João acredita que, pela cruz, se pode chegar a uma nova criação, porque o amor tem poder para recriar todas as coisas. Por essa razão, diz aos cristãos da Ásia Menor que já desce do céu a nova Jerusalém como uma noiva, adornada com as preciosas manifestações do amor. Terminaram as lágrimas, a morte, o luto, os gemidos e a dor. Desapareceu o mundo antigo, o mar, o primeiro céu e a primeira terra. Surge o novo céu e a nova terra e Deus vem habitar no meio do seu povo.
Tudo começa ali, onde um discípulo de Jesus se apaixona pelo amor e decide viver do mesmo jeito que Jesus, arriscando tudo, ainda que sozinho, até ao limite, que é dar a vida.

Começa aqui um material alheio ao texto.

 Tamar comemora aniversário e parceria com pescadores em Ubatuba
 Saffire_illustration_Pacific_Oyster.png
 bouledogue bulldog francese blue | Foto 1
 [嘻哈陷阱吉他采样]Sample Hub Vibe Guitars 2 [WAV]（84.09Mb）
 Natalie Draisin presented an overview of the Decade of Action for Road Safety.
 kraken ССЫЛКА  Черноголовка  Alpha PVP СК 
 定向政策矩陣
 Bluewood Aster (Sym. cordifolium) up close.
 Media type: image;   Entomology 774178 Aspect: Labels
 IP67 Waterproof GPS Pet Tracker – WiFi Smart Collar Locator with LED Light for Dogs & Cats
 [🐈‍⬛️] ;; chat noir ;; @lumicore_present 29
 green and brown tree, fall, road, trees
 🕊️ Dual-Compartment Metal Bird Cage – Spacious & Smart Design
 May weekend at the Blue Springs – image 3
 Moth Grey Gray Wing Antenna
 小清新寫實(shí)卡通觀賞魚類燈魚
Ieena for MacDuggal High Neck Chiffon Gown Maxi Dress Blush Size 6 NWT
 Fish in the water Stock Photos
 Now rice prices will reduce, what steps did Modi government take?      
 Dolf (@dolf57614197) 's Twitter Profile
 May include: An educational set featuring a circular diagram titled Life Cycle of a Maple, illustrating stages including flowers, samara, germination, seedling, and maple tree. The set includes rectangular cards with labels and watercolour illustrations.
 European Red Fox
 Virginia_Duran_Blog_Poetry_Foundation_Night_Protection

Os cristãos das nossas comunidades, mesmo não sendo obrigados a dar a vida na cruz como Jesus, nem sofrendo perseguições violentas como os da Ásia Menor, nem percorrendo terras como Paulo, sujeitos ao frio, à noite e a diversos perigos, são chamados a fazer a experiência do amor inteiro. No seio das famílias, nos locais de trabalho, nos grupos de amigos, nas mais variadas situações sociais e, por vezes, dentro da própria comunidade cristã, sentem-se forças que se opõem à prática do amor, levando muitos cristãos ao desânimo, à tristeza e à desilusão na sua fé. A escuta da palavra de Jesus suscita entusiasmo, alegria e o desejo de vivê-la radicalmente como experiência de amor, mas a realidade quotidiana, após as celebrações comunitárias, frequentemente contrasta com esse ideal. É, pois, urgente refletir sobre a forma como a comunidade cristã responde aos desafios do amor, criando espaços, momentos e maneiras de partilhar a fé, para que os mais vulneráveis encontrem apoio nas suas dificuldades e permaneçam firmes na fé.
Rezar a Palavra
Senhor, nosso Deus, amor infinito, amor inteiro, que na humilhação e na morte manifestas o teu poder e a tua glória, faz-nos sábios no amor, para nos apoiarmos mutuamente, a fim de permanecermos firmes na fé, animados na esperança e ativos na caridade, mesmo no meio das tribulações da vida presente.
Compromisso semanal
Como Paulo e João animo os meus irmãos na fé.